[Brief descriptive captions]
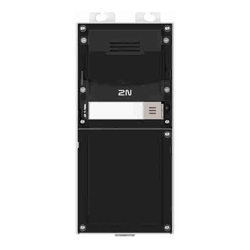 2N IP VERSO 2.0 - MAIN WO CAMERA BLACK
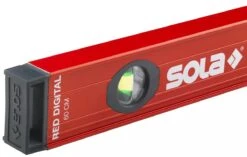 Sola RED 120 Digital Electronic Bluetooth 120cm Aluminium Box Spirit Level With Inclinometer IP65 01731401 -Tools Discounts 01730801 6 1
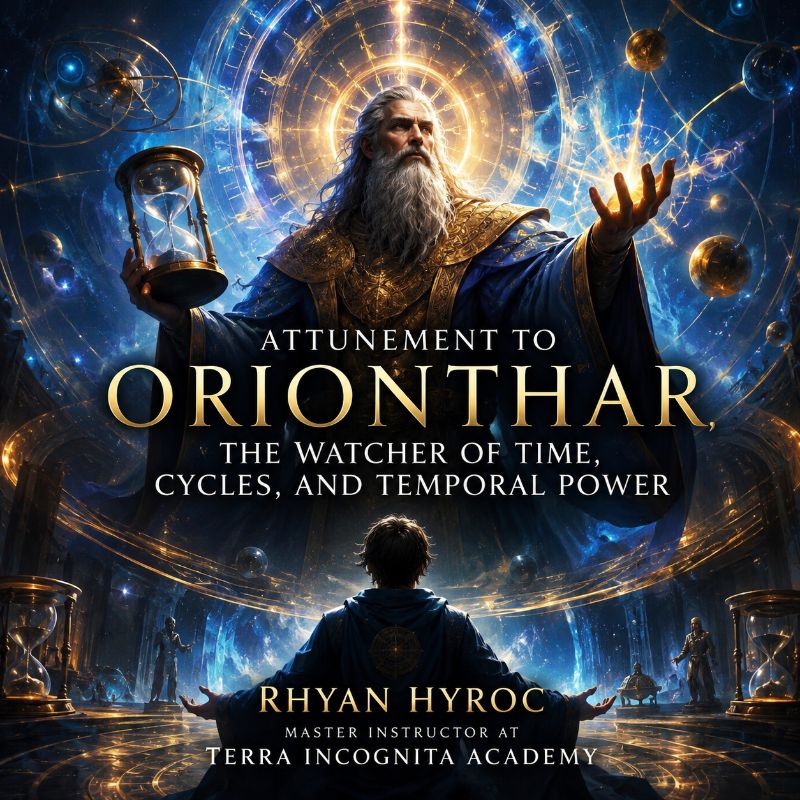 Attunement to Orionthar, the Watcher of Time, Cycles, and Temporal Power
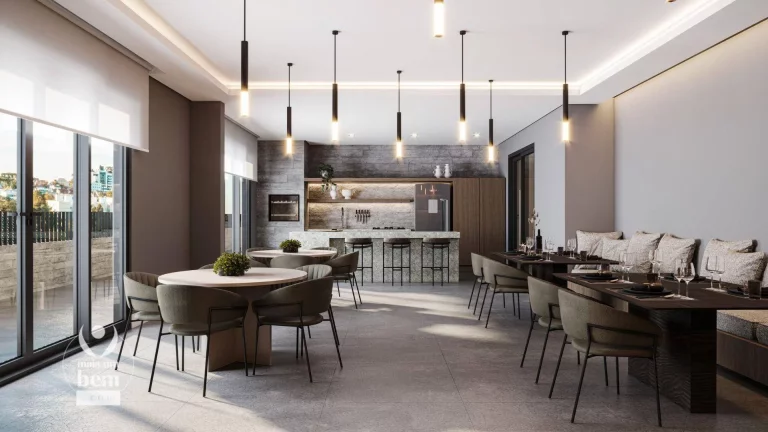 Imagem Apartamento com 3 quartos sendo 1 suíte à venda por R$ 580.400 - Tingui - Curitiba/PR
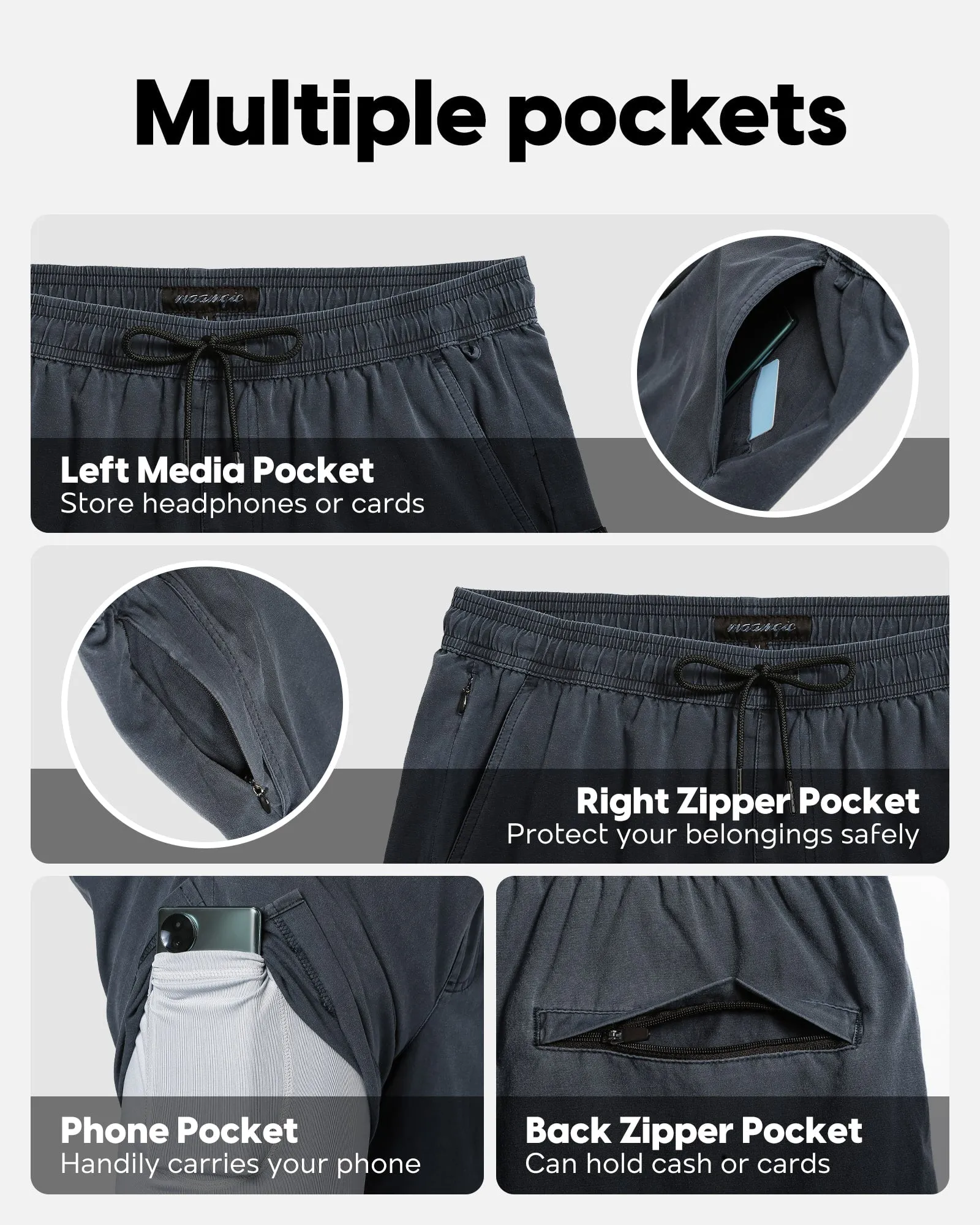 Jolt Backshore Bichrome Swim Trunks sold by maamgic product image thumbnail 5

§ Assigned task
Repeat every entry above exactly; images stay out of the copy.

§ Response below
 2N IP VERSO 2.0 - MAIN WO CAMERA BLACK
 Sola RED 120 Digital Electronic Bluetooth 120cm Aluminium Box Spirit Level With Inclinometer IP65 01731401 -Tools Discounts 01730801 6 1
 Attunement to Orionthar, the Watcher of Time, Cycles, and Temporal Power
 Imagem Apartamento com 3 quartos sendo 1 suíte à venda por R$ 580.400 - Tingui - Curitiba/PR
 Jolt Backshore Bichrome Swim Trunks sold by maamgic product image thumbnail 5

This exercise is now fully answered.